- Born: 16 September 1710 possibly Newport, Rhode Island
- Died: 29 August 1776 (aged 65) probably Exeter, Rhode Island
- Occupation: Deacon
- Spouses: Patience Gifford,; Hannah Gifford;
- Children: Abigail, Josiah, Joseph, Stephen, Samuel, Josiah, Patience, Mary, Peleg, Oliver, John, Caleb, Anna, Edmund, Dorcas, Hannah
- Parents: Samuel Arnold (father); Mary Sheffield (mother);
- Relatives: Grandfather: Attorney General Joseph Sheffield; great grandfather: Governor Benedict Arnold; great great grandson: Senator Stephen A. Douglas

= Joseph Arnold (Rhode Island farmer) =

Colonist in British North America (1710–1776)

Joseph Arnold (1710–1776) was a British colonist in the Colony of Rhode Island and Providence Plantations. He is most noted for having a very large progeny, having had 16 children of whom 15 grew to maturity, married, and had children of their own, giving him at least 93 grandchildren and 383 great grandchildren. He was the great great grandfather of presidential hopeful Stephen Arnold Douglas who debated Abraham Lincoln in 1858, and lost to him in the 1860 presidential election. He was an ancestral link between Douglas and many prominent early Rhode Islanders such as Governor Benedict Arnold and two founders of the Rhode Island colony, Samuel Wilbore and John Porter.

== Life ==

Born in 1710, probably in Portsmouth in the Colony of Rhode Island and Providence Plantations, Joseph Arnold was the son of Samuel Arnold and Mary Sheffield who were married in Newport, Rhode Island in 1708. The birth year of 1712 often ascribed to Arnold was likely from a confusion of dates created by some early writers. His father was a physician, as was his paternal grandfather, Caleb Arnold; his great grandfather, Benedict Arnold, became the first governor of the Rhode Island colony under the Royal Charter of 1663. His maternal grandfather was Rhode Island Attorney General Joseph Sheffield, for whom the subject was undoubtedly named. Arnold's mother likely died at an early age, since she had only three children, and never cosigned any land records with her husband.
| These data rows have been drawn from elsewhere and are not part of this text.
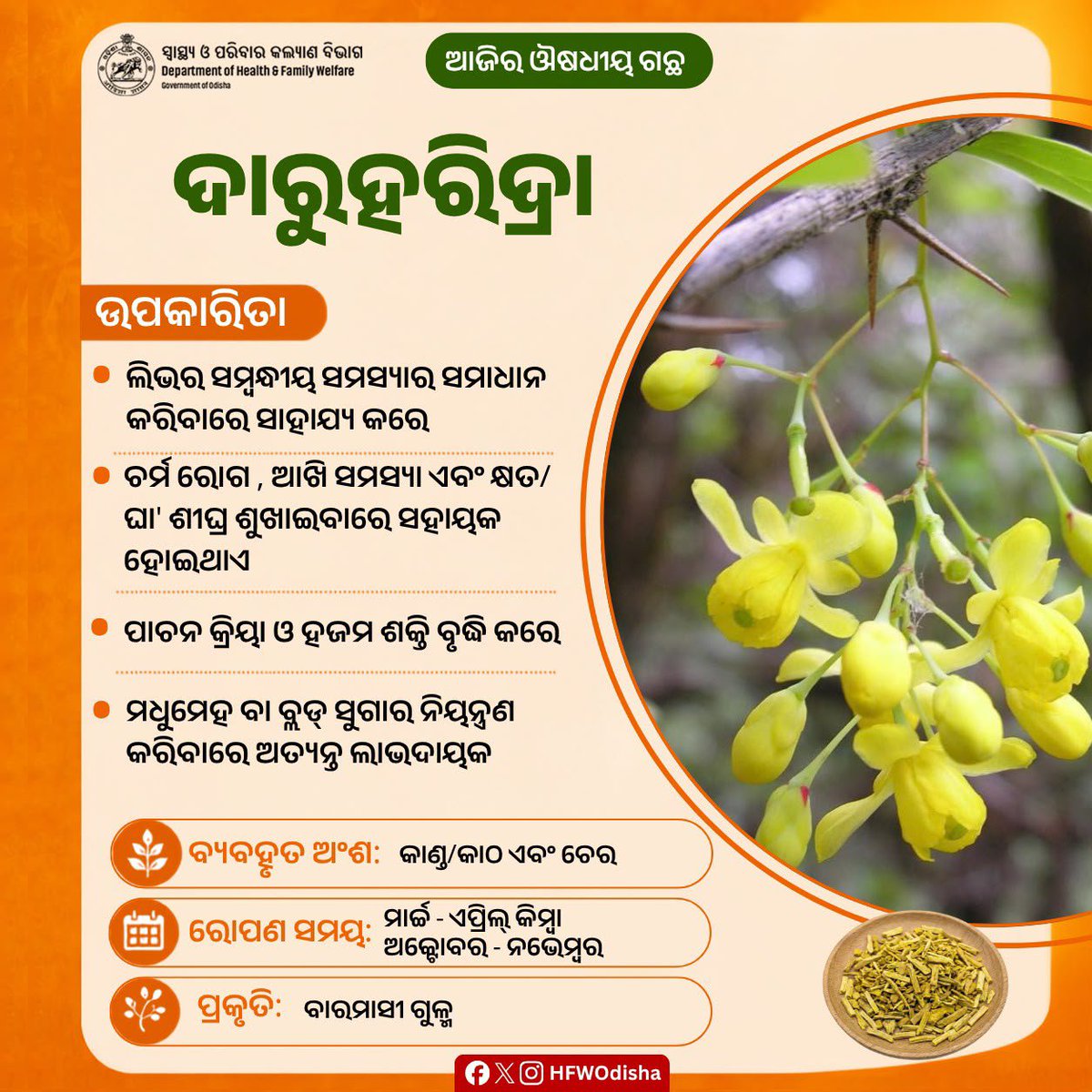 HFWOdisha's tweet photo. ପ୍ରାକୃତିକ ଔଷଧୀୟ ଗୁଣରେ ଭରପୂର 'ଦାରୁହରିଦ୍ରା' ଆମ ସ୍ୱାସ୍ଥ୍ୟ ପାଇଁ ଅତ୍ୟନ୍ତ ଲାଭଦାୟକ।ଏହା ଲିଭର ସମ୍ବନ୍ଧୀୟ ସମସ୍ୟା ଦୂର କରିବା ସହ ହଜମ ଶକ୍ତି ବୃଦ୍ଧି କରିବାରେ ବିଶେଷ ସାହାଯ୍ୟ କରେ।ଚର୍ମ ରୋଗ, ଆଖି ସମସ୍ୟା,କ୍ଷତ ଶୀଘ୍ର ଶୁଖାଇବା ଏବଂ ରକ୍ତରେ ଶର୍କରା ନିୟନ୍ତ୍ରଣ କରିବାରେ ଏହାର ଭୂମିକା ଗୁରୁତ୍ୱପୂର୍ଣ୍ଣ।

#MedicinalPlants https://t.co/E7ft4IBE3c
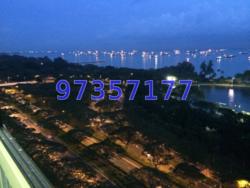 Laguna Park (D15), Apartment #61497772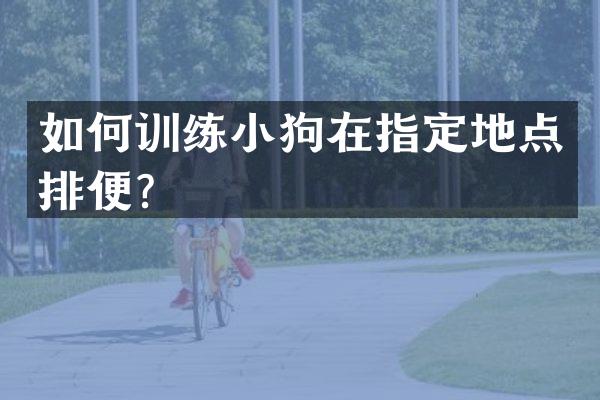 如何训练小狗在指定地点排便？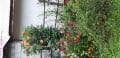 upload_img1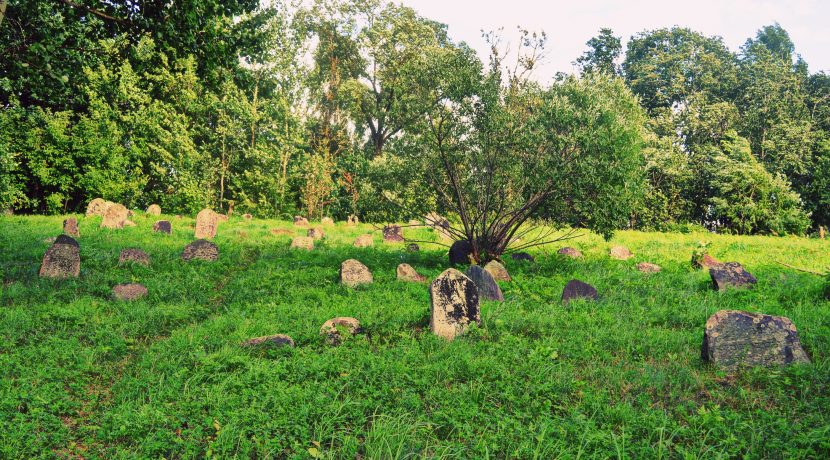 The Jewish Cemetery in Viski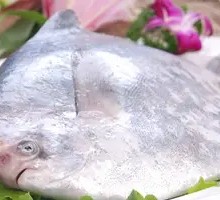 Spanish Mackerel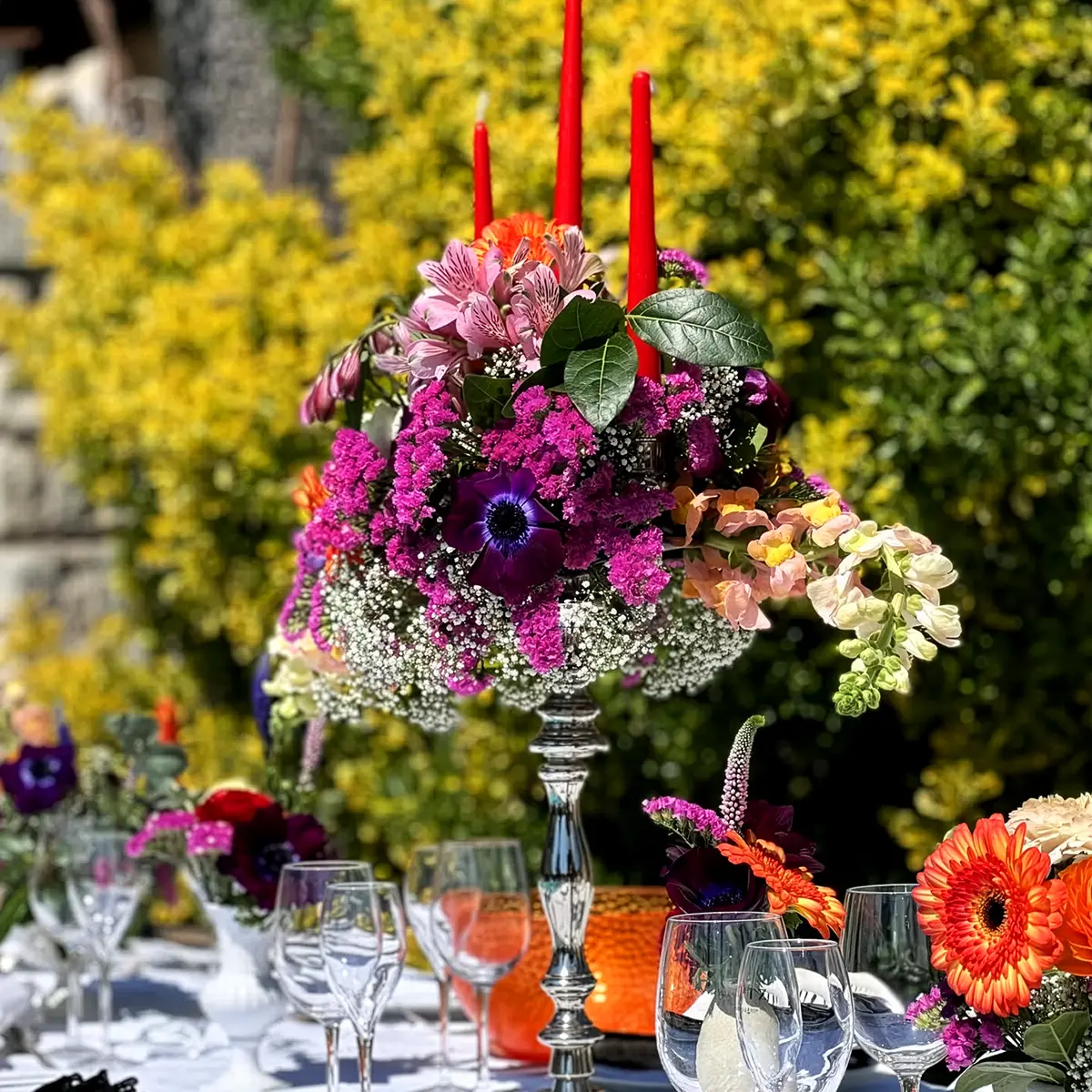 Sideau with tulip by lorabloom consulting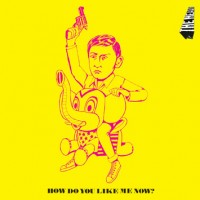 Purchase The Heavy - How You Like Me Now? (MCD)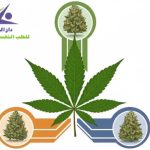 أنواع الحشيش وما هو؟ دليل شامل للتعرف على أشهر أنواعه في العالم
Arnold was a farmer and landowner who lived in Exeter, Rhode Island, and this is where the births of many of his children were recorded. He left behind few records other than land transactions, but was called a Deacon in a family record, and was given the title of Esquire in his obituary. He is most noted for his very large progeny of 16 children, 93 grandchildren and at least 383 great grandchildren. His first wife was Patience Gifford, the daughter of Yelverton Gifford and Ann Northup, who bore two children, and then died, possibly in childbirth with her second child who did not survive. Arnold then married Hannah Gifford, the sister of Patience, and with her had 14 children, and all 15 of his surviving children married and had offspring. His second child with his second wife, Stephen Arnold, moved from Rhode Island to Stephentown, New York, and became the great grandfather of Stephen Arnold Douglas, who became famous as the leader of the Northern Democrats before the Civil War, sparring with Abraham Lincoln in a series of famed debates prior to a U.S. Senate contest in 1858, and later losing to Lincoln in the 1860 presidential election.

Arnold died on 29 August 1776 "of camp fever while visiting his sons in camp with his sister Mary." His death was recorded in the diary of Jeffrey Watson, one of his contemporaries. Three of his sons--Peleg, Caleb and Edmund--served in the military during the American Revolutionary War.

== Ancestry of Joseph Arnold ==

The three early generations of Joseph Arnold's ancestry are documented in John O. Austin's Genealogical Dictionary of Rhode Island. The connection between the Arnolds and the Sheffields was published by Katharine Waterman in 1953.